(Input for this task begins)
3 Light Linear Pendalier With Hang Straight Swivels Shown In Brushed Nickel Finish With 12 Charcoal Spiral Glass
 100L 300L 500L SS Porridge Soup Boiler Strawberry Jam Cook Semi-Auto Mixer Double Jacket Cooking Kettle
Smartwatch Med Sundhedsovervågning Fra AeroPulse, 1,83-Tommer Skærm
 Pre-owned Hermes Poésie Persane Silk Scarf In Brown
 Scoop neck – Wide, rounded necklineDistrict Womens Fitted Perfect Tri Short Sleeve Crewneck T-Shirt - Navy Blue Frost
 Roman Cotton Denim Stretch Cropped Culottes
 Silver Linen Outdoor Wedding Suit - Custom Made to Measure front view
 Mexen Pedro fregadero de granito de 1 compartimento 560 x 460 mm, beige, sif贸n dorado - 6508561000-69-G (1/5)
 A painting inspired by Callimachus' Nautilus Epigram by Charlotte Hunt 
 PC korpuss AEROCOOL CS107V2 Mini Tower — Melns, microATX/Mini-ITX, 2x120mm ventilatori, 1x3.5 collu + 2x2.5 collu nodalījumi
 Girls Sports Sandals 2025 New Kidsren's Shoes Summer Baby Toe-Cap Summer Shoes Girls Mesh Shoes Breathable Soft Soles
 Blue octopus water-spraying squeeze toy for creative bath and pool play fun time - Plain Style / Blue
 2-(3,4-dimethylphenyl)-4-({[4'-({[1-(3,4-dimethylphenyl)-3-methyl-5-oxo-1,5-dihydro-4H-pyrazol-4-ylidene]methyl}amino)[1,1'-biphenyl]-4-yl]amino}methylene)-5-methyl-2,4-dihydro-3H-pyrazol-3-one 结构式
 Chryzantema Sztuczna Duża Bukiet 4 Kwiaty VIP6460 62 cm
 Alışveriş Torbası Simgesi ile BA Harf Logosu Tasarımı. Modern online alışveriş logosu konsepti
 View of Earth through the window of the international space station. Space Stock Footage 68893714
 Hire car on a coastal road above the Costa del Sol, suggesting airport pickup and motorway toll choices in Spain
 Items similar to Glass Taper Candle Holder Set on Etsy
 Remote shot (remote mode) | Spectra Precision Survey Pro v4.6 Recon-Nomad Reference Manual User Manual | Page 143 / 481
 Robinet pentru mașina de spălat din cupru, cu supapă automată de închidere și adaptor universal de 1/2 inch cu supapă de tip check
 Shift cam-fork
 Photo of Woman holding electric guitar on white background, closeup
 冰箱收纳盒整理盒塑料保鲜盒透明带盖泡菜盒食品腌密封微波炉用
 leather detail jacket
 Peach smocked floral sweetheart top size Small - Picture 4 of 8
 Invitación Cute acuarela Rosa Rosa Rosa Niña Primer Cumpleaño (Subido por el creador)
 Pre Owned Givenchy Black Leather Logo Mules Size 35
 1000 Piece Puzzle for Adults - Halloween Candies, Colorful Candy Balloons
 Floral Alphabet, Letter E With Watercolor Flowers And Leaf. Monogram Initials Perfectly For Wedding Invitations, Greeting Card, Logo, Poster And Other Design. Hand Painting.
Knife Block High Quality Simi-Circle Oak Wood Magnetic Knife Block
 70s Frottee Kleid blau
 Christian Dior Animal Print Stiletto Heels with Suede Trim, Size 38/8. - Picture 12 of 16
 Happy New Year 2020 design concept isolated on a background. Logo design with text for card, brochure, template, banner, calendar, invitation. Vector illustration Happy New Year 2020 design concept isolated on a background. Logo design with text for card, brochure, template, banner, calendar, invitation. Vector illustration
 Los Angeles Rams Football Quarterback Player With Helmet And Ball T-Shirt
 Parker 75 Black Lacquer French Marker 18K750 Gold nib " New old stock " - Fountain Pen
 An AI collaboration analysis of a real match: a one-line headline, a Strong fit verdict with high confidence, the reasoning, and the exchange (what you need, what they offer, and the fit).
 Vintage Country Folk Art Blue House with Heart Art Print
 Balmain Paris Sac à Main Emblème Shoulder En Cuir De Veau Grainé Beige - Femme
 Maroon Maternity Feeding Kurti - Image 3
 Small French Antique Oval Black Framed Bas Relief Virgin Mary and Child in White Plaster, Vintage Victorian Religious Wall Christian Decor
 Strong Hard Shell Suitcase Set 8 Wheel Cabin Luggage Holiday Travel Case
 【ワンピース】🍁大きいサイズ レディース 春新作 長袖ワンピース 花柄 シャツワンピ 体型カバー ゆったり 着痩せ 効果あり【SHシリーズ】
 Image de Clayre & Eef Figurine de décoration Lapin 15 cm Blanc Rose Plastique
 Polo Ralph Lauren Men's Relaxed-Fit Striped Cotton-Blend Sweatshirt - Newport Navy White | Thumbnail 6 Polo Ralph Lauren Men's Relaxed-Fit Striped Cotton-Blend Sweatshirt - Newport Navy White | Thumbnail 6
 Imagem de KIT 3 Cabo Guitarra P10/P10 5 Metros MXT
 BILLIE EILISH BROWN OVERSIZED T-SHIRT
(Input for this task ends)
§ **Your assignment**
Output only a verbatim copy of the lines spanning from the line that contains "Image de Clayre" to the end of the records above.

§ **The answer**
 Image de Clayre & Eef Figurine de décoration Lapin 15 cm Blanc Rose Plastique
 Polo Ralph Lauren Men's Relaxed-Fit Striped Cotton-Blend Sweatshirt - Newport Navy White | Thumbnail 6 Polo Ralph Lauren Men's Relaxed-Fit Striped Cotton-Blend Sweatshirt - Newport Navy White | Thumbnail 6
 Imagem de KIT 3 Cabo Guitarra P10/P10 5 Metros MXT
 BILLIE EILISH BROWN OVERSIZED T-SHIRT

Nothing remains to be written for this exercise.